At my college, we have a manager who, regardless of activity, responds like a Pavlovian dog to a dinner bell every time her mobile beeps. Another senior manager always has one crisis in front of them and a second one waiting at the door. This is far from unusual. The call of technology and 24/7 communication, as well as the firefighting mentality prevalent in FE, can be witnessed in every college campus. How many times have you made decisions while carrying in the emotion from a previous meeting? Is your day set up to support you doing one thing at a time or do you allow constant distraction?

Being in the moment

If time is one of the most precious gifts we can give as human beings, it is perhaps even more so as a leader. If we give our time to others, we owe it to ourselves and our teams to be present for those moments.

As Sylvia Boorstein, a great mindfulness teacher, said: “Mindfulness is the aware, balanced acceptance of the present experience. It isn’t more complicated than that. It is opening to or receiving the present moment, pleasant or unpleasant, just as it is, without clinging to it or rejecting it.”
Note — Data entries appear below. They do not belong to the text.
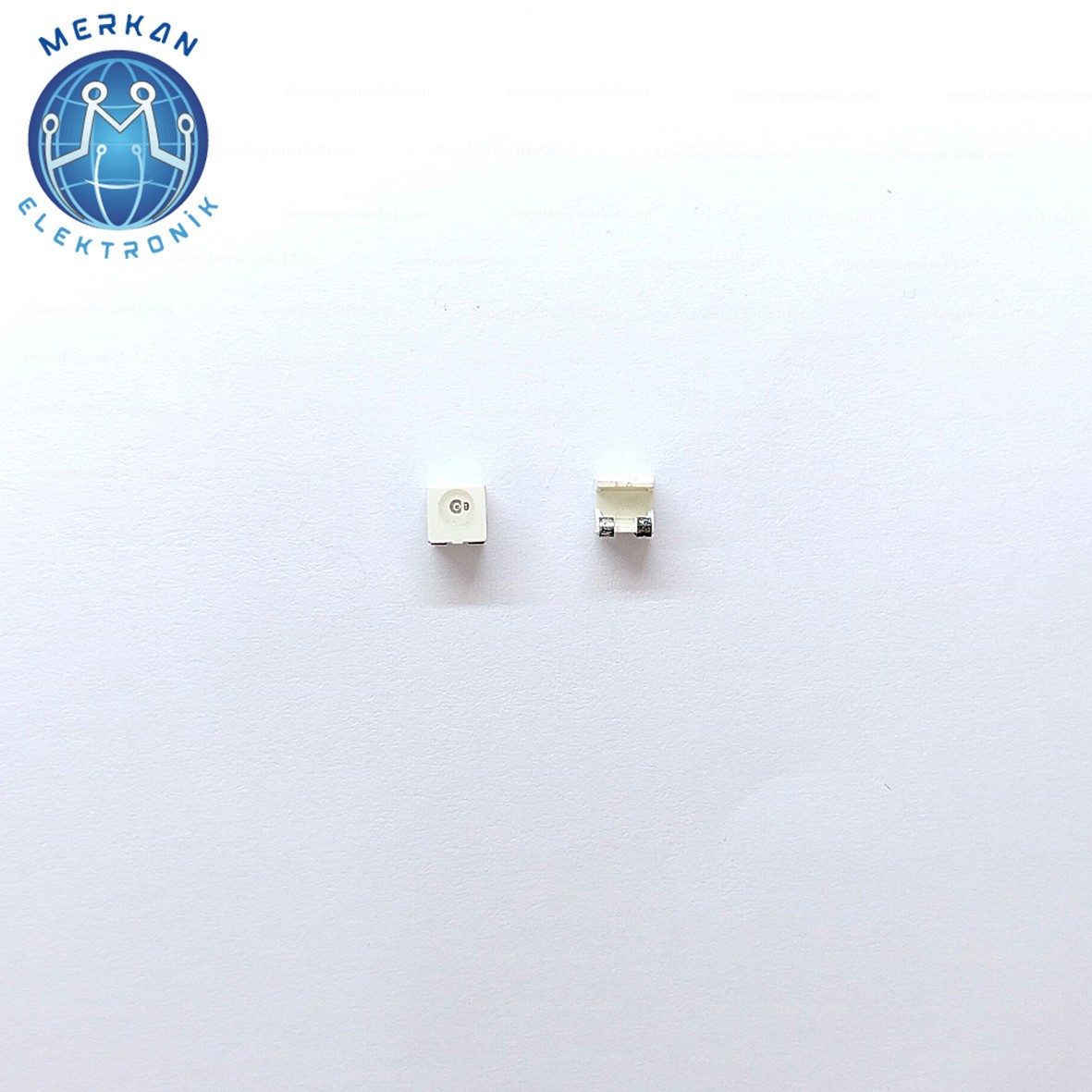 SARI YELLOW RENK 57-21-Y2SC-AS1T1B-BF LED (SMD-2 PİN) DİKEY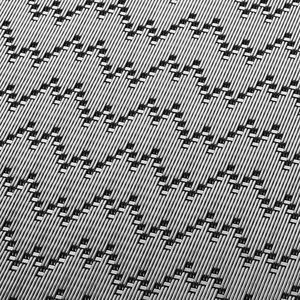 Metall-Geflecht / Dekor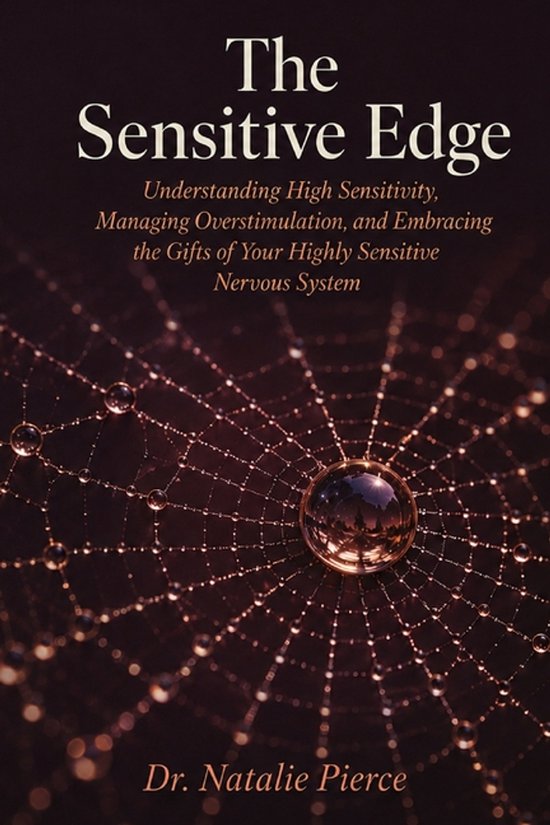 The Sensitive Edge - cover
In a time-poor college, the higher the levels of self-awareness we can manifest in daily practice, the better we can decide between competing options

Sportspeople often talk about being “in the moment” or a sense of “flow”. What is going on here is more than just automatic response based on habit. It is an ability to work in the immediate series of “now” moments, fully embedded in real-time data and being present with emotions and thoughts.

In a time-poor college, the higher the levels of self-awareness we can manifest in daily practice, the better we can decide between competing options. We can shift our focus and energy to where it is needed most.

One thing at a time

Do you ever read something and then seem unable to remember any of it? Have you been in a meeting and realised that you have begun thinking of something else? Do you switch quickly between tasks or allow interruption? Human beings cannot multitask. We are, though, capable of handling several tasks in succession. If we accept that we can do only one thing at a time, then it follows that we should do that thing wholeheartedly.

When we live in our heads, we tend to drift to the past, reliving issues and decisions that have already passed and can’t be changed. Alternatively, we try to anticipate the future. This involves second-guessing a series of as yet unwritten possibilities, sometimes outside our control.

The intrinsic nature of the mind is to dwell on the past or worry about the future. Both of these help us to learn and to prepare. This is essential for stepping away to allow creativity and innovation. But solely living in either the past or the future runs the risk of - more than likely - messing up the present.

Mindfulness allows us to quieten the mind and watch ourselves from the outside. Being mindful helps to counter the cognitive dissonance that comes from living in the past or worrying about the future. Put simply, being in the present not only makes us think more clearly but actually makes us happier.

For many, especially in educational leadership, the idea of simple acceptance is heresy. I don’t suggest ducking the hard decisions, being detached or giving up on difficult-to-solve problems. In mindfulness, embracing acceptance is actually taking hold and intentionally grasping; seeking to understand what is really going on.

In mindfulness, we do not try to switch off our minds but rather do the opposite. The more fully aware, the more skilful we become at working in the gap between stimulus and response. Victor Frankl said: “Between stimulus and response there is a space. In that space is our power to choose our response. In our response lies growth and our freedom.”

The more we can practise operating in this space, the better our decision-making as college leaders will be. It’s mindfulness over automation that will win the day.